While people tend to pose when they see a camera, the street is also the perfect place to capture candid moments and expressions. Sometimes, even if the clothes are quite simple, it can be a person’s posture, the swagger in their step, or even the way they hold a purse that steals the show. Pay attention to how people carry themselves, and think of ways to capture that essence. While it can sometimes help to ask permission, you don’t have to if it would come at the expense of losing the moment.

Know the key players, but look for surprises too

Do your research, and follow designers, models, and editors you admire. Consider planning your day around where they’ll be. Photographers will be rushing to catch a glimpse of these people, so a little advance preparation often pays off.

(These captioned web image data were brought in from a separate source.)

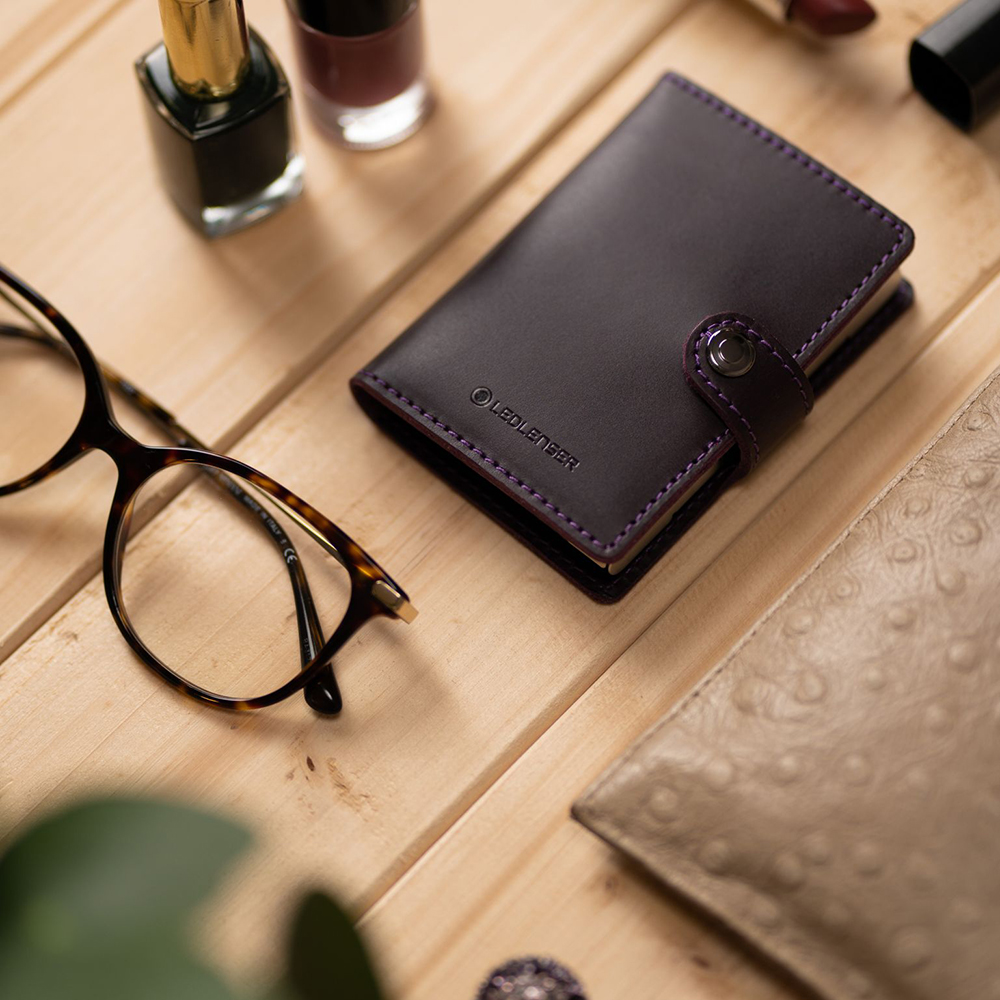 Ví kiêm đèn pin Ledlenser Lite Wallet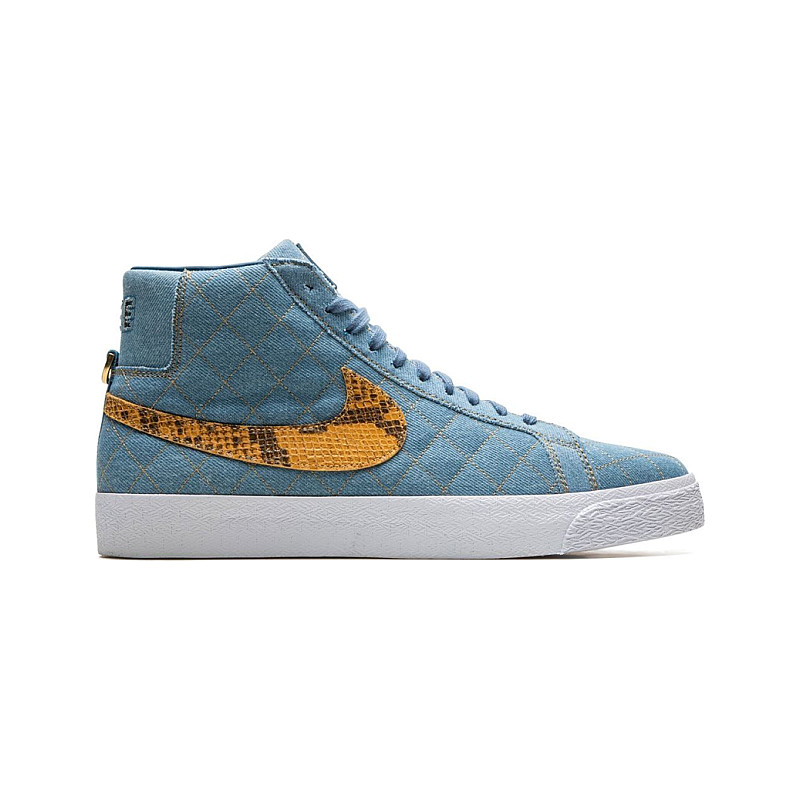Nike Supreme X Zoom Blazer Mid QS SB DX8421-400 da 59,00 €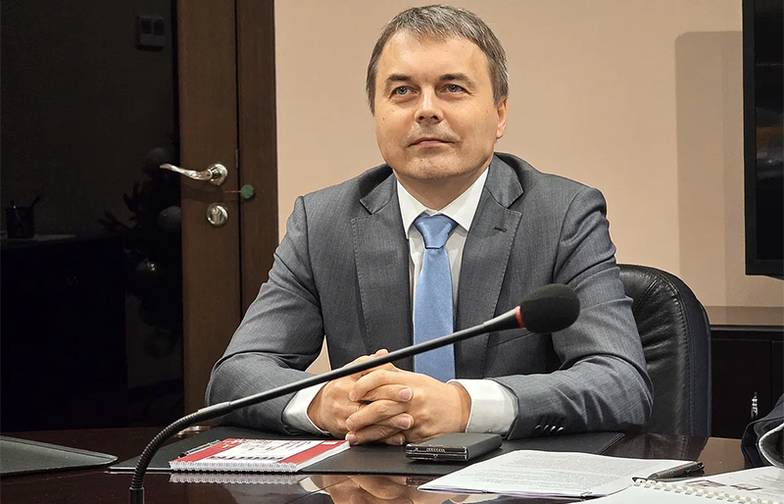  Александр Кравцов, генеральный директор НИИМЭ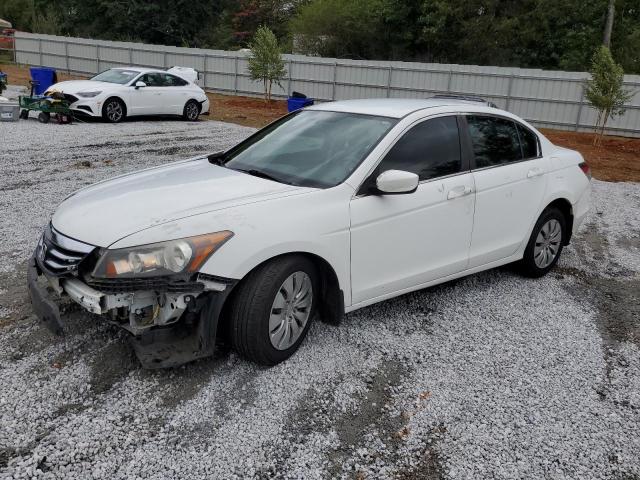 2012 Honda Accord Sedan LX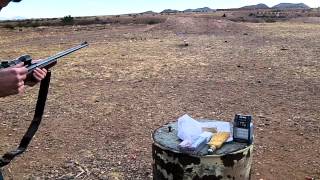 3006 at 275 Yards Remington 721 [upl. by Annig]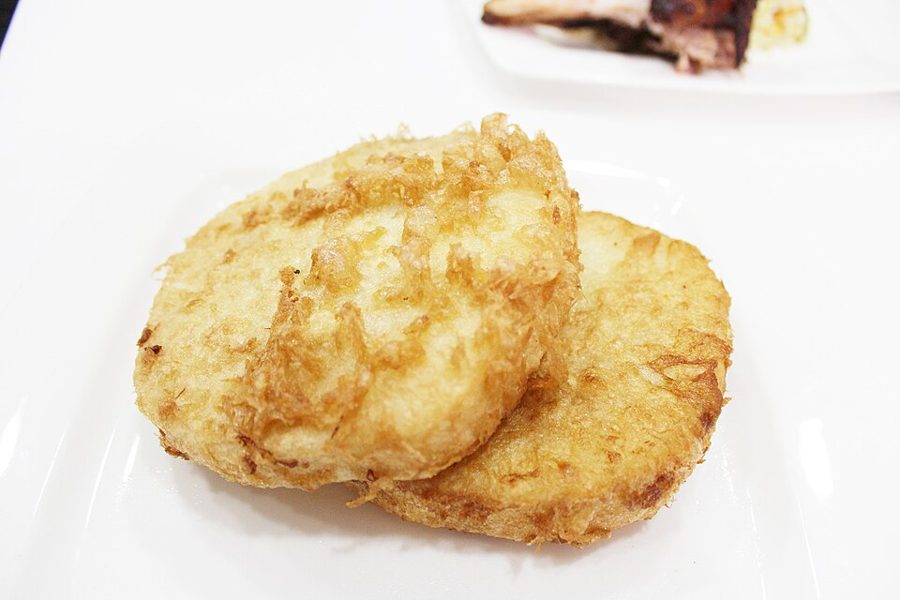 Yamarita (Nigerian Fried Yam)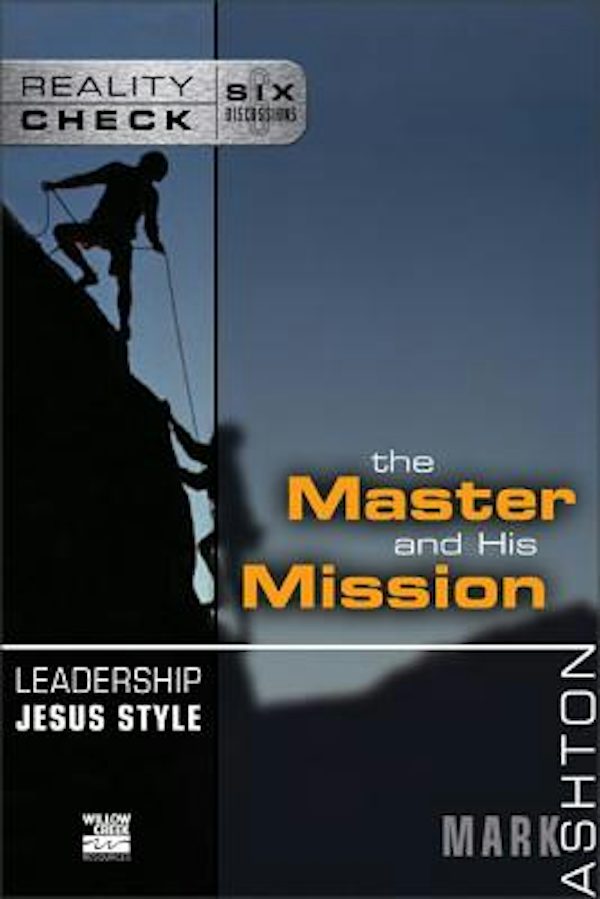 Cover image for Leadership Jesus Style, isbn: 9780310245261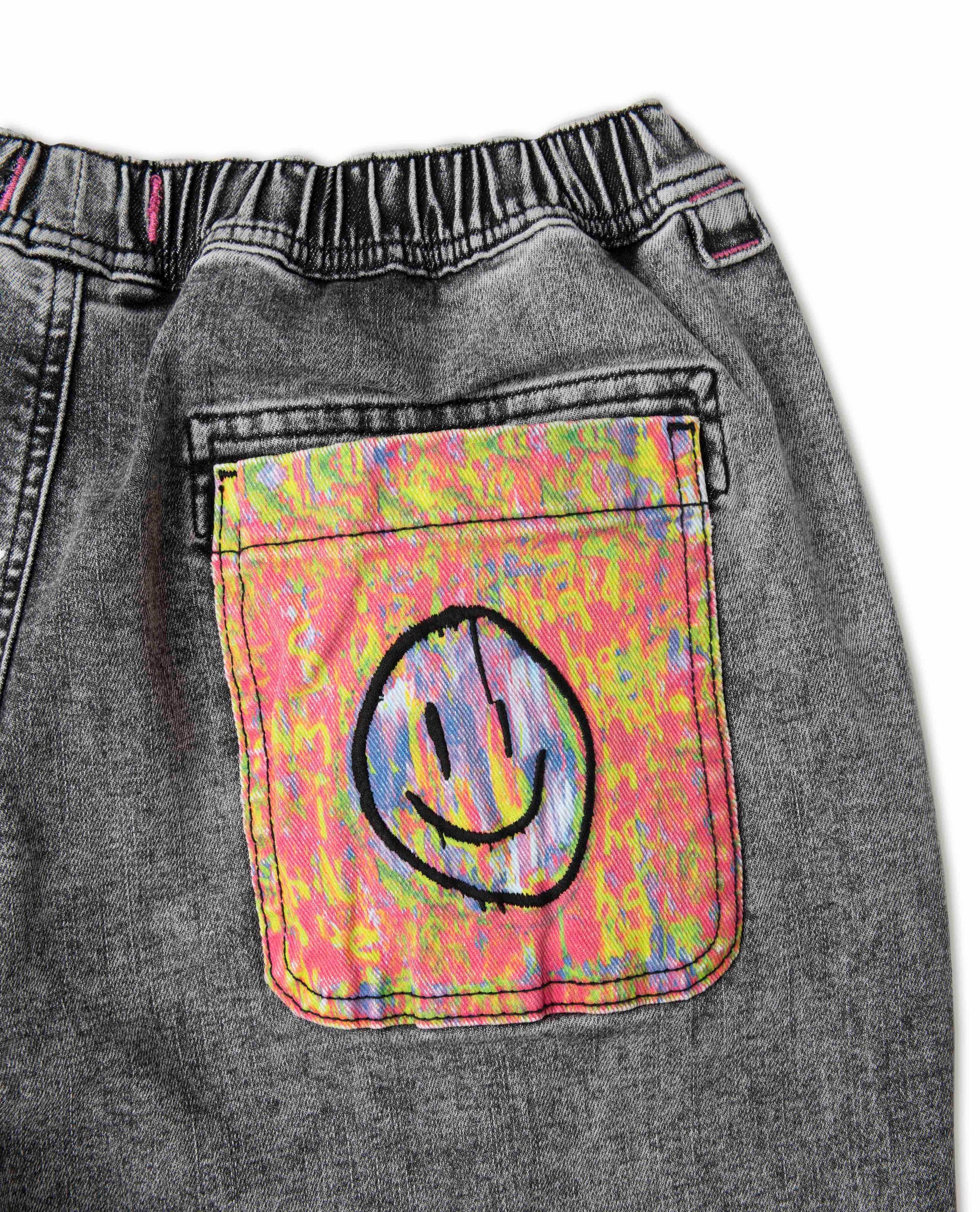 Ripton x 3dumb Trousers English Breakfast - Lolomo!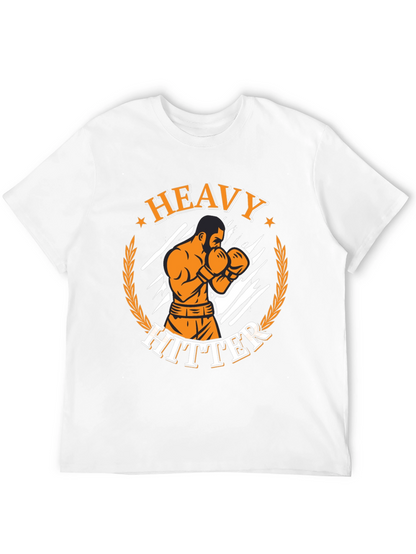 Heavy Hitter Boxing Graphic Tee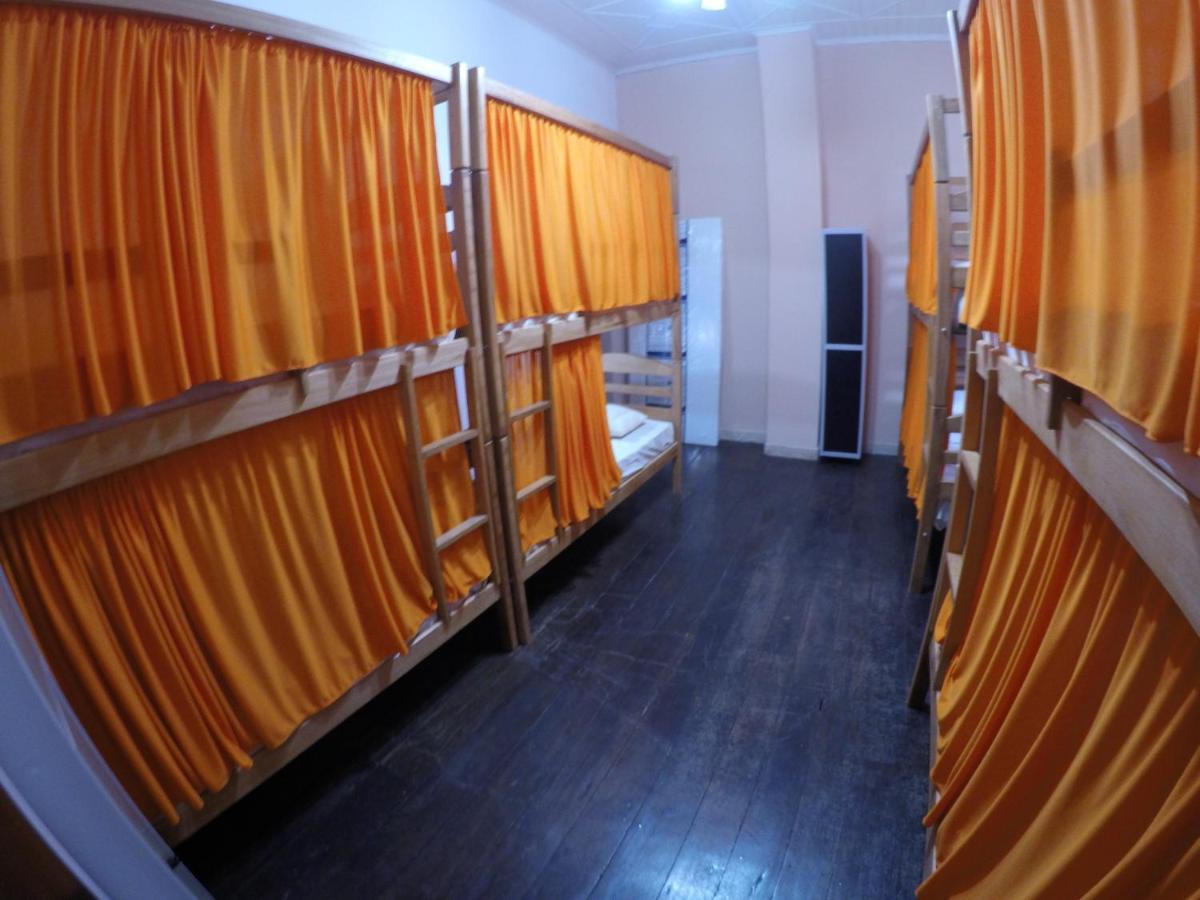 Aldeia Hostel Манаус Экстерьер фото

Of course, you don’t have to be chasing celebrities all day; you can also familiarize yourself with local or under-the-radar style icons and innovators who haven’t yet hit the mainstream. Sometimes, when everyone’s crowding around trying to photograph the big stars, they miss out on someone else who’s just as interesting: an aspiring makeup artist, a fashion student, an assistant, etc.

Bring a fast lens

Prime lenses like the 85mm are popular among street-style photographers because they have a larger maximum aperture. That means you can open up your lens wide enough to blur your background and create that nice bokeh effect for separation.

Introduce yourself

Keep some business cards on hand in case you meet someone interesting who wants to collaborate with you on a future shoot. Get your name out there. Connect with other photographers you see out and about at fashion week; these people might be your colleagues for years to come. When networking, always be respectful, and avoid taking up too much of their time. Many of the people you’ll encounter during fashion week are busy and on the clock.

Mind the details

Sometimes, it’s the tiniest things that make or break a photo: the way someone’s rolled their sleeves, the cascade of their hair, an eye-catching accessory, or a tattoo that helps tell someone’s story. The best stories can be found in the smallest details, so keep your eyes peeled.

Keep it simple

One last lesson from Bill Cunningham, the godfather of street style: for much of his career, he used a manual Nikon FM2, before ultimately transitioning to the Nikon D40x. For him, shooting great photos wasn’t about having the latest gear; it was about finding the right people. For that reason, the best camera is the one you have with you.

Bring a camera you’ll feel comfortable lugging around all day. Sylvia Plachy, who covered New York culture for The Village Voice from 1974 to 2004, once said she takes her best pictures when she’s on the way to or coming from a job. Fashion week or not, you never know who you’ll encounter, so stay prepared.